This research consists of 2 papers offering differing reconstruction approaches to obtain high accuracy inferences of 3D structures with textures from 2D single shot images.
The papers strive to challenge existing works surrounding three-dimensional reconstruction with shape and texture from only one view, which currently remain at two-dimensional shot level, obstructing obtainment of high-accuracy inference without explicit 3D supervised annotation.
On one hand, Guanyu aims to suggest an urgently-needed reconstruction approach based on meshes to enhance the 3D mesh attribute learning process, by proposing a novel and concise reconstruction model in computer vision, training shape and surface colour.
The model is realised through 2 separate pipelines by CNN:
- Geometric shape process learning by shape volume.

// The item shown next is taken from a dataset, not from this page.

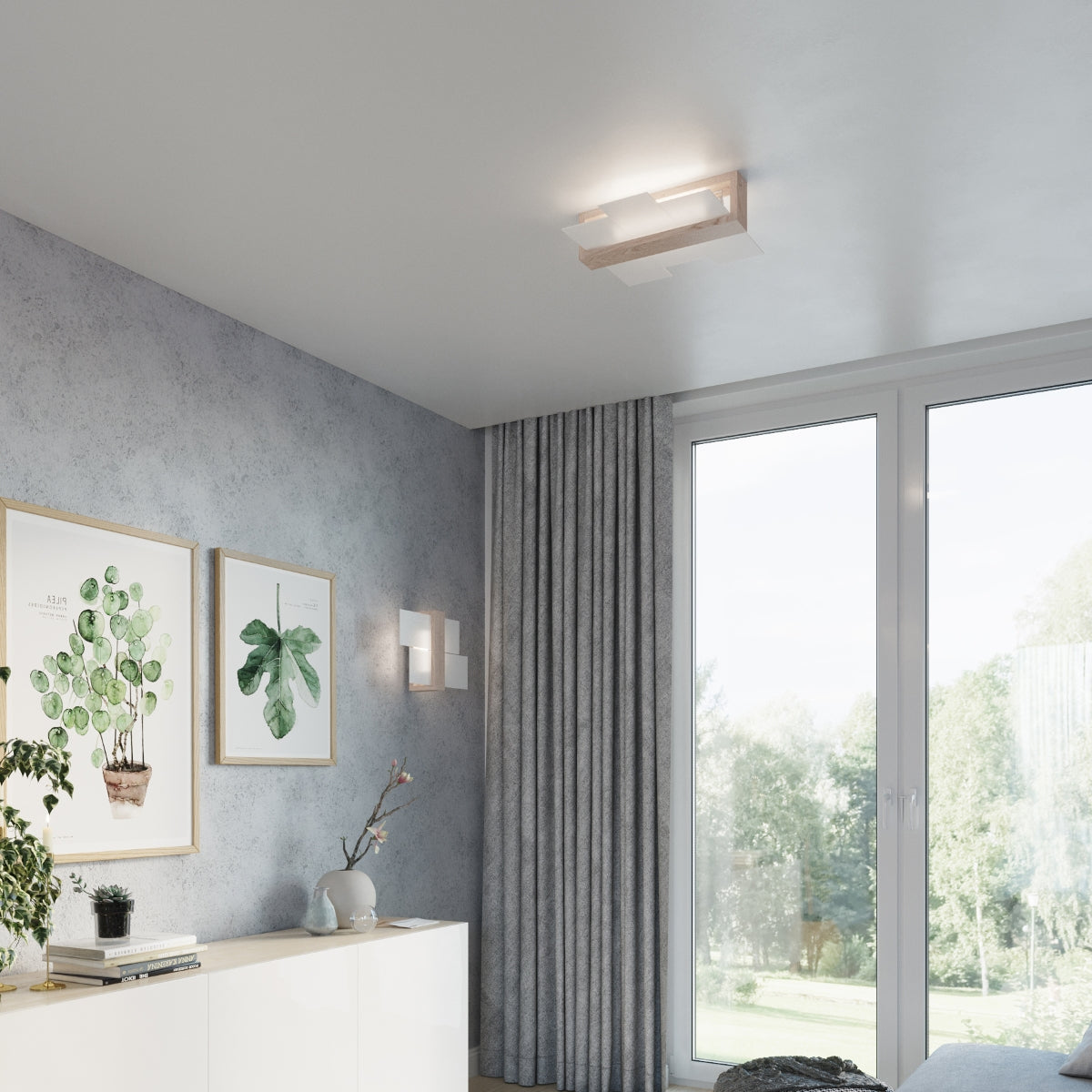 Natural Wood FENIKS 1 Wall Lamp illuminating a modern living room with plants and artwork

- The encoding-decoding system of colour, which is unified by regressed colour volume and transforming 3D to 2D flow field, respectively.

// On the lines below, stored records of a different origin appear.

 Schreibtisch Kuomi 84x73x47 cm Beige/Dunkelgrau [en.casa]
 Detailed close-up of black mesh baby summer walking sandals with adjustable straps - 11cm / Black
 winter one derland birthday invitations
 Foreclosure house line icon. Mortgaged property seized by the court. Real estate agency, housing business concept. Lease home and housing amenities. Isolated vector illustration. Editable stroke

The visualisation achieved by Guanyu is a result of blending these 2 factors with appropriate weighting. To generate textured models, the one-to-one mapping fetches colours through a three-channel volume and the same space measurement as the shape network.

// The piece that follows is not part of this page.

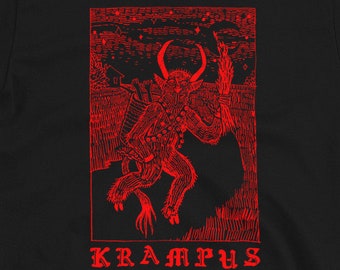 MERRY KRAMPUS TSHIRT - Unisex Short Sleeve Graphic Gruss Vom Krampus Block Print T Shirt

Illustration of Point Cloud Reconstruction of Amber’s Model
Meanwhile, Amber aims to create an end-to-end single view 2D to 3D reconstruction model by adopting an encoder-decoder network to use:
- A transformer-CNN encoder for feature extraction
- A decoder for shape and surface learning to generate a point cloud reconstruction
Reconstruction Illustration on Real World Image
Consequently, the research demonstrates the proficiency of using a hybrid encoder that consists of CNN and transformer, proving successful even when trained on a small dataset.